Jembatan gantung tersebut menjadi akses vital penghubung Nagari Malalak Selatan dengan Nagari Malalak Barat di Kecamatan Malalak. Kehadiran infrastruktur ini diharapkan mampu memperlancar mobilitas masyarakat, memperkuat konektivitas antarwilayah, serta mendukung pertumbuhan ekonomi warga setempat.
Pelaksanaan pembangunan dilakukan melalui kerja sama operasional dengan Yon TP 897/Singgalang serta dukungan penuh dari Koramil 09 IV Koto dan personel TNI lainnya. Sinergi antara TNI dan pemerintah daerah menjadi kunci kelancaran pengerjaan proyek strategis tersebut.
Turut hadir dalam kegiatan tersebut Camat Malalak, Ulya Satar, S.STP, yang memberikan apresiasi atas terjalinnya kemanunggalan TNI dengan masyarakat. Ia menilai kolaborasi yang solid antara TNI, pemerintah daerah, dan masyarakat merupakan wujud nyata semangat gotong royong dalam membangun daerah.
Dalam arahannya, Dandim 0304/Agam, Slamet Dwi Santoso, dengan penuh rasa kekeluargaan mengingatkan seluruh personel TNI agar senantiasa menjaga hubungan baik dengan masyarakat setempat.

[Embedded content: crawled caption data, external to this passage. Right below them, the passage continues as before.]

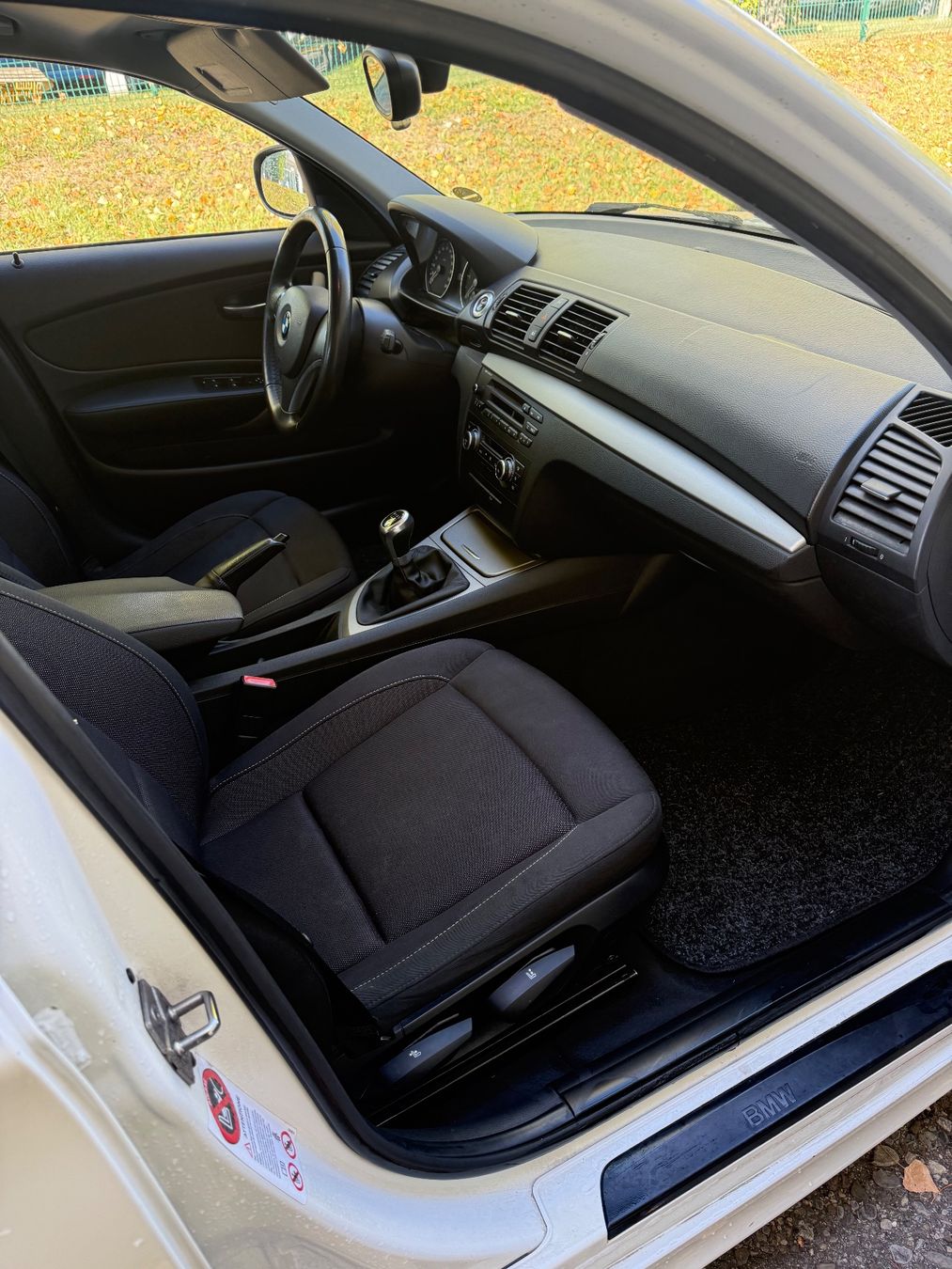BMW Autos: BMW 118d – Gebraucht aus Fribourg von inf_n9kg 6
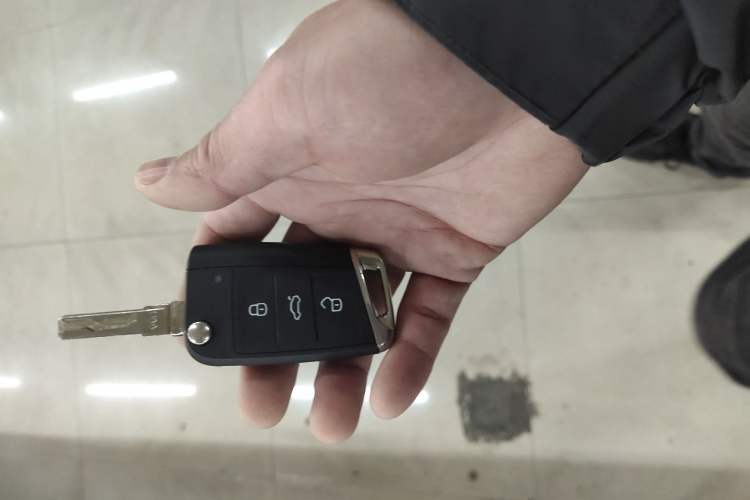 Used Volkswagen Lamando 2017 230TSI DSG Fashion Edition
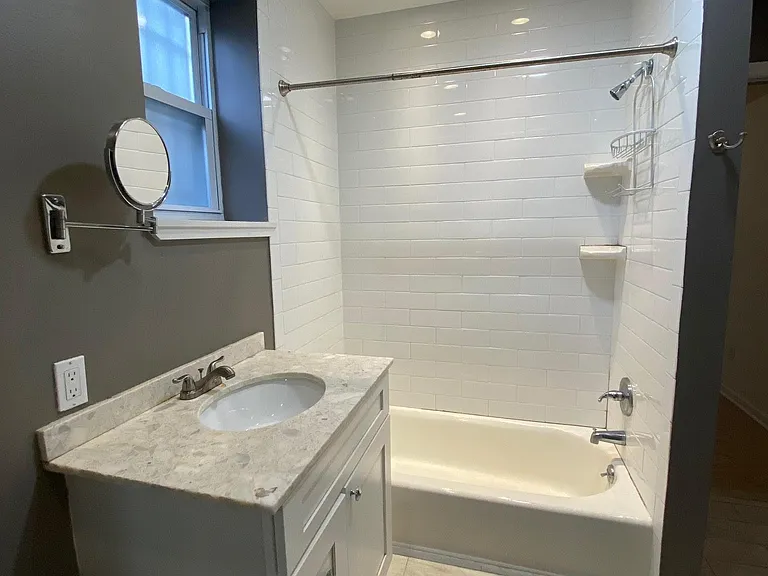 1305 Fairmont St NW #B — Photo 24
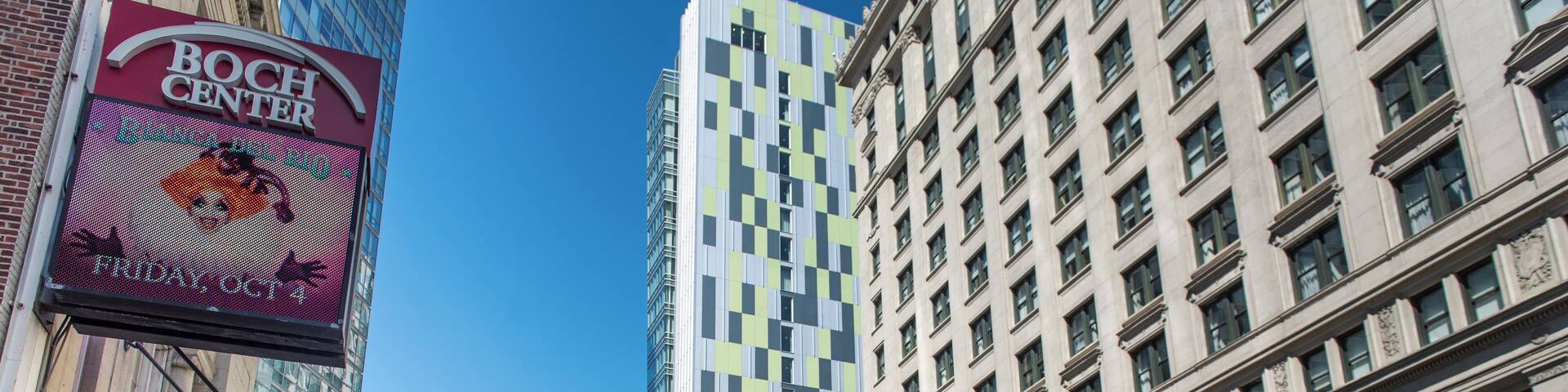 Boston_WilburTheatre_553248635389801796_01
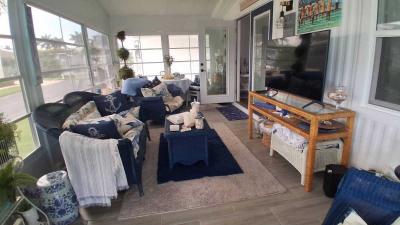 Photo 5 of 8 of home located at 128 Driftwood Lane Naples, FL 34112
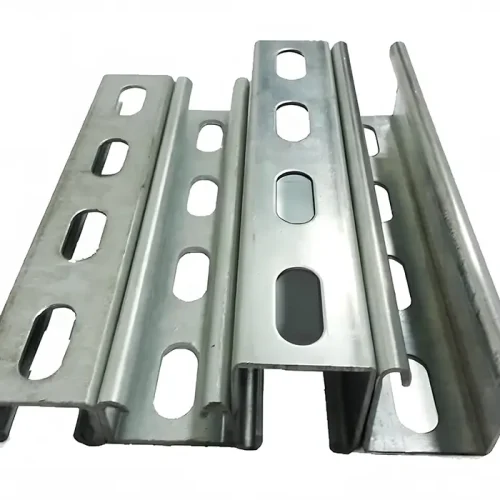 Perfil metálico ranurado para sistemas de soporte en estructuras eléctricas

Ia menegaskan bahwa keberhasilan pembangunan tidak hanya diukur dari selesainya fisik proyek, tetapi juga dari terpeliharanya kedekatan dan kepercayaan antara TNI dan rakyat.
Kegiatan monitoring tersebut juga diamini dan didukung oleh Danramil IV Koto, Pirdaus, beserta jajaran yang turut hadir di lokasi.
Wali Nagari Malalak Selatan, Amir Koto, menyampaikan harapannya agar pembangunan jembatan gantung ini dapat selesai tepat waktu dan sesuai harapan bersama. “Semoga pekerjaan ini berjalan lancar hingga tuntas, sehingga manfaatnya segera dirasakan masyarakat,” ujarnya.
Dengan dukungan penuh dari Pemerintah Kabupaten Agam serta kerja sama yang baik antara seluruh pihak, pembangunan jembatan gantung Lubuk Kalikie diharapkan menjadi simbol kuat kemanunggalan TNI dan rakyat dalam membangun nagari.